### What you need to do
Without adding anything, give again the lines from the one holding "Presidentialism, Parliamentarism, and" through the final line of the records, exactly, with both ends included and pictures dropped.

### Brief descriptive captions
....
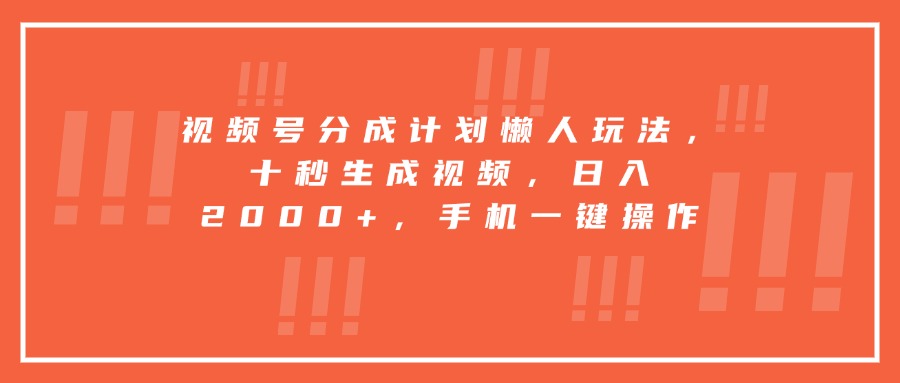 视频号分成计划懒人玩法，十秒生成视频，日入2000+，手机一键操作-泡泡网创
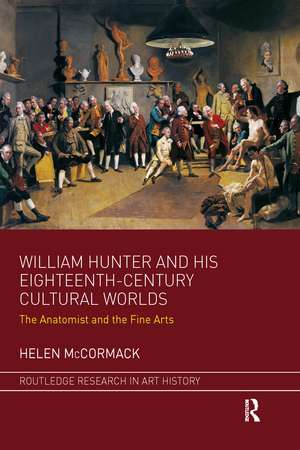 William Hunter and his Eighteenth-Century Cultural Worlds: The Anatomist and the Fine Arts de Helen McCormack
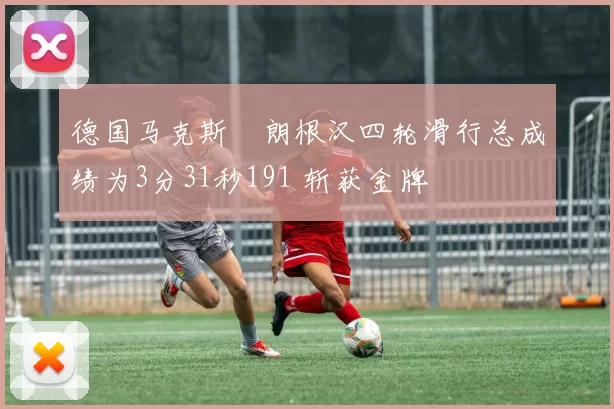 德国马克斯・朗根汉四轮滑行总成绩为3分31秒191 斩获金牌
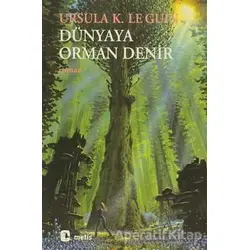 Dünyaya Orman Denir - Ursula K. Le Guin - Metis Yayınları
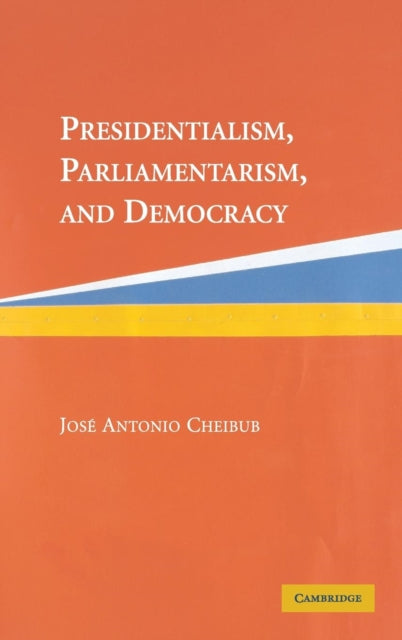 Presidentialism, Parliamentarism, and Democracy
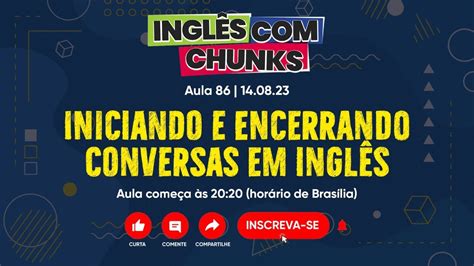 Inglês Chunks 086 Iniciando e Encerrando Conversas YouTube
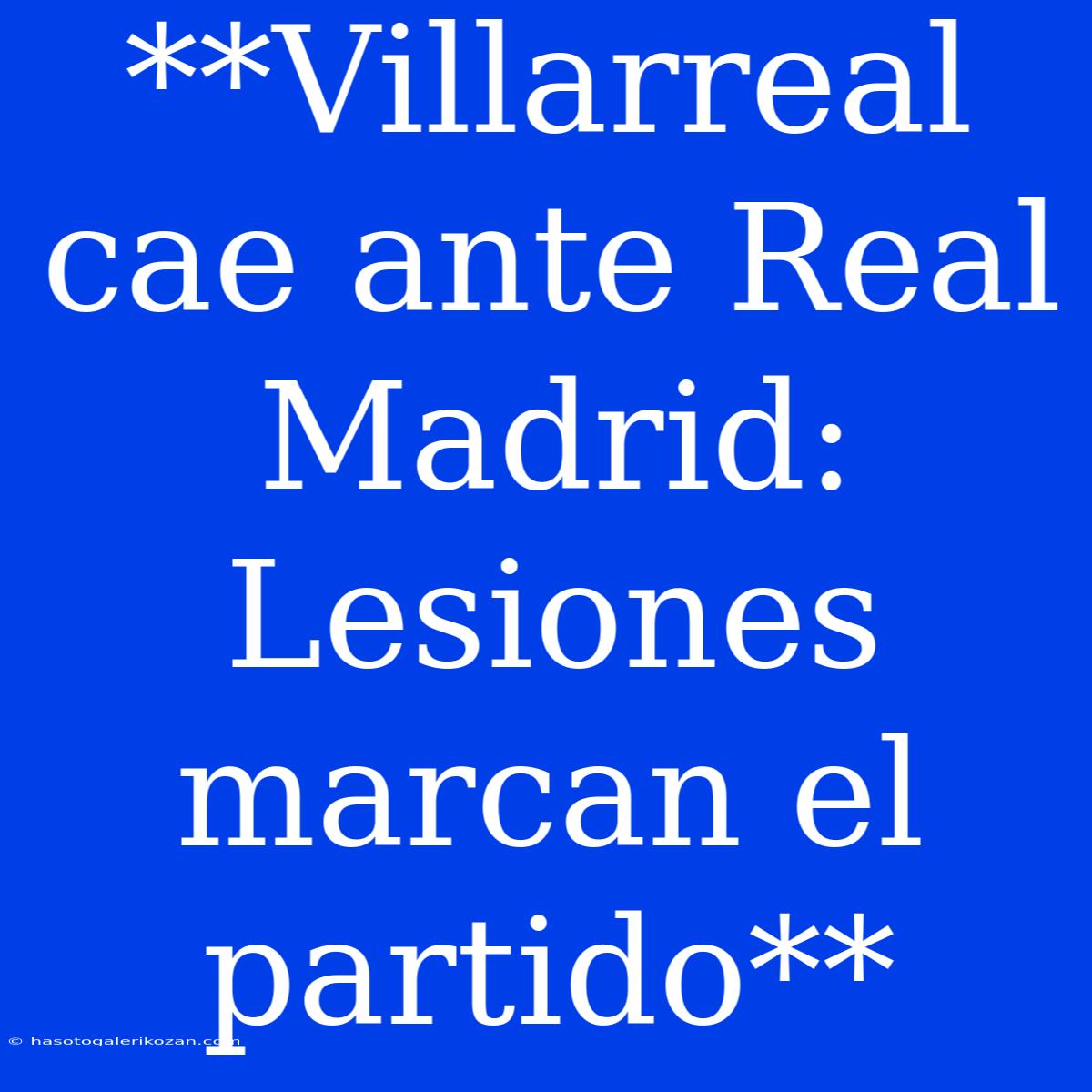 **Villarreal Cae Ante Real Madrid: Lesiones Marcan El Partido**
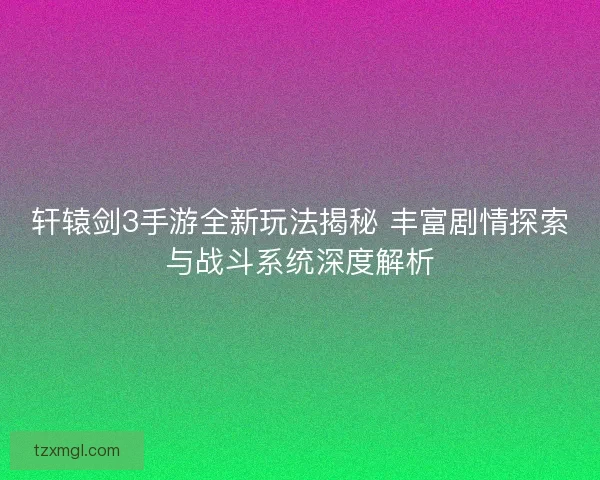 轩辕剑3手游全新玩法揭秘 丰富剧情探索与战斗系统深度解析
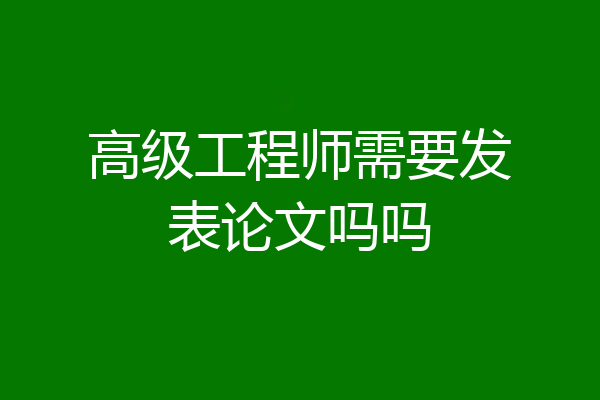 高级工程师需要发表论文吗吗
....
### Task response
 Presidentialism, Parliamentarism, and Democracy
 Inglês Chunks 086 Iniciando e Encerrando Conversas YouTube
 **Villarreal Cae Ante Real Madrid: Lesiones Marcan El Partido**
 轩辕剑3手游全新玩法揭秘 丰富剧情探索与战斗系统深度解析
 高级工程师需要发表论文吗吗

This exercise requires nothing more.